Ruby Ann & Kenneth Courtright:
I think Ruby Ann is confusing two different William Pendarvises--uncle and nephew. In the 1735 will of Joseph Pendarvis in Colleton County, he mentions his children by Parthena:
James [who married Cath. Rumph]
William [may be the husband of Cath Pound]
Brand [who married Ursetta, not Ursula, Jennings]
Of these, James and wife Cath. Rumph, had daughters Ann who maried Samuel Perry [apparently an Englishman] and Elizabeth Mary who married Thomas Smith Jr. They were apparently also parents of the William Sr who married Mary ?, these last the parents of Wm Jr who married Margaret Vance, according to some here on Genforum.
There was also a Josiah Pendarvis who married an Ann Rumph on May 8, 1817, somewhere in South Carolina. This is 66 years after Catharine Rumph married James Pendarvis on Sept 5, 1751, but these HAVE to be the same families. Coincidence boggles otherwise.
Somewhere in this genforum chain, there was mention of Joseph Pendarvis, protector of Parthena, having a legitimate son who took the name Bedon to set himself apart from his mulatto siblings. I had not heard of this, but if true, there is another odd marriage. On March 10, 1800, the SC Gazette says, Alice Pendarvis married Richard Bedon Screven; I don't know who either of them was but perhaps, after 60 years, one of Joseph Pendavis' descendants by son Bedon married one of his wealthy cousins. Stranger things have happened when wealth and property are concerned--like when Louis XIV married his illeg. daughter by Mme de Montespan to his legit. nephew the duc d'Orleans. Besides, after Parthena, each generation married with whites, so by early 1800s, they would only be one-sixteenth or one-32nd part black. In the federal census of 1790 and 1800, as well as tax lists of 1785 and 1786, James Pendarvis and family were reported not as free persons of color but as WHITE. In the slave states, only Arkansas and Texas ever had that "one drop of blood" law about Negro heritage.

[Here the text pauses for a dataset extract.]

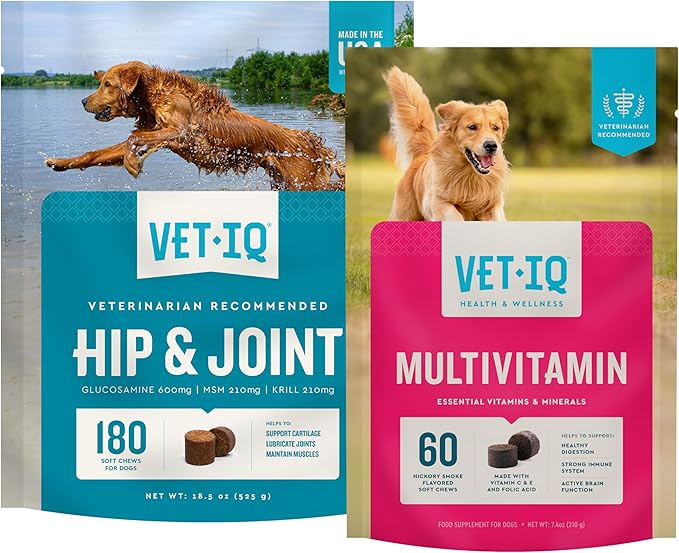 VetIQ Glucosamine Hip & Joint Supplement for Dogs, 180 Soft Chews + VetIQ Multivitamin Supplement for Dogs, 60 Count, Dog Supplements Made in The USA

SC said that a Negro was a person with one Negro parent or one Negro grandparent: an octoroon thus was considered white, if free, tho plenty of legally "white" octoroons were slaves, of course.
During the French Revolution, Charleston was visited by the refugee Duc de la Rouchfoucault-Liancourt who wrote an account of his travels to SC. The duc referred in 1794 to a "free Negro" named "Pindaim" (Pendarvis) whose plantation was worked by 200 slaves "so successful that he was able to breach the barriers of white society"--actually, they had done that LONG BEFORE, altho "Pindaim" was James Pendarvis, son of Parthena, and thus half black. (Wealthy quadroons and octoroon planters of Haiti had been marrying their daughters to the French aristocracy, but apparently not half blacks, hence the duke's amaze. Since James Pendarvis had a Negro mother, he may have been born technically a slave until emancipated by his father, so the duc de Liancourt was right about that, and since SC law said you had to be a free octoroon to be legally white, James was technically "black" thru his mother Parthena. However, his listing in the census and tax lists as white shows how tactful the govt bureaucrats could be to wealthy men, justifying the modern Brazilian proverb of how money has bleaching power to make men white.)
A modern historical work, "A World in Shadow" recounts how "Pindaim" was "an emancipated slave" in the parish of St Paul's, Charleston, and "married a white woman [Cath Rumph] and later gave his mulatto daughters in marriage to white men". This makes it seem that James Pendarvis had been a field hand, which was certainly not the case. He was a son of the manor. The whole story makes us remember that strict "Jim Crow" laws were a product of the post-Reconstruction era.
Besides "A World in Shadow', other good works touching on the Pendarvis saga are "The Free Negro in Antebellum South Carolina" by the Sri Lankan sociologist Wikramanayake [I may have that spelling wrong] but the best account is Larry Kogel's "Black Slaveowners: Free black Masters in SC, 1750-1860" (NY: McFarland press, 1985), where he identifies duc de Liancourt's "Pindaim" as James Pendarvis.